▸ Aim of the task
Read the records below and report each line in which "East" occurs.
● ● ● ● ● ● ●
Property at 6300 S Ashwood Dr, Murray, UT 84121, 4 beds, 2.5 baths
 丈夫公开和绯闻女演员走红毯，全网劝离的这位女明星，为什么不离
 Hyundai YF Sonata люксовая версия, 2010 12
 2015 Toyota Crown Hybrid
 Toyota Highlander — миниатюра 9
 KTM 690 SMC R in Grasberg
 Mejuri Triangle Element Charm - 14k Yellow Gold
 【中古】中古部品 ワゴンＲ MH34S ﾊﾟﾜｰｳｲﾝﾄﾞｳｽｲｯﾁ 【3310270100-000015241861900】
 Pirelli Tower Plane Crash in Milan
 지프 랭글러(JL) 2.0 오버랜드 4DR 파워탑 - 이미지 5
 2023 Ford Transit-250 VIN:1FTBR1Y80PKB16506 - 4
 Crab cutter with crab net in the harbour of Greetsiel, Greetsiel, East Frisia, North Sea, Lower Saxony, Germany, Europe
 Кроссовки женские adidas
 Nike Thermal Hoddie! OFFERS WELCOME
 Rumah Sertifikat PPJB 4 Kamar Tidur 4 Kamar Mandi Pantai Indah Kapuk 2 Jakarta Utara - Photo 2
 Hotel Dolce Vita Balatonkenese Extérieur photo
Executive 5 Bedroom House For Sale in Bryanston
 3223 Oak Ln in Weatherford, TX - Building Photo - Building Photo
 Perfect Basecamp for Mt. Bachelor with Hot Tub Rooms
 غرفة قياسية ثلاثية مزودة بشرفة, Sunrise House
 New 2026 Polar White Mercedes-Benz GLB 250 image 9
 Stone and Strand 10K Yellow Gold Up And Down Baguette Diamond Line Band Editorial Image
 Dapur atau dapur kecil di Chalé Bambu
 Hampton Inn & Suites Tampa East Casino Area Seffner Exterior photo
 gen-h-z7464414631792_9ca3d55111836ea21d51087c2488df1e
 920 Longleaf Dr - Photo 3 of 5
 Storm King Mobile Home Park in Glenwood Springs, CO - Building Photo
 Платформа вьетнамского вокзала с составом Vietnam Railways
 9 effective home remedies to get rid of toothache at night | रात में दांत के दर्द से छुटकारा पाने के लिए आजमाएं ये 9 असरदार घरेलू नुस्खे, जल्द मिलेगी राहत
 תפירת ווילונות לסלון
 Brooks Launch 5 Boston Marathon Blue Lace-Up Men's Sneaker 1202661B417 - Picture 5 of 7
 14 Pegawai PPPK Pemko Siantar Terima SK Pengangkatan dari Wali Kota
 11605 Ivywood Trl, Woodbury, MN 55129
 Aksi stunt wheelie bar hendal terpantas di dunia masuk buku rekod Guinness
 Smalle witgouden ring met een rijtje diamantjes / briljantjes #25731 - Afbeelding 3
● ● ● ● ● ● ●
▸ Response to the exercise
 Crab cutter with crab net in the harbour of Greetsiel, Greetsiel, East Frisia, North Sea, Lower Saxony, Germany, Europe
 Hampton Inn & Suites Tampa East Casino Area Seffner Exterior photo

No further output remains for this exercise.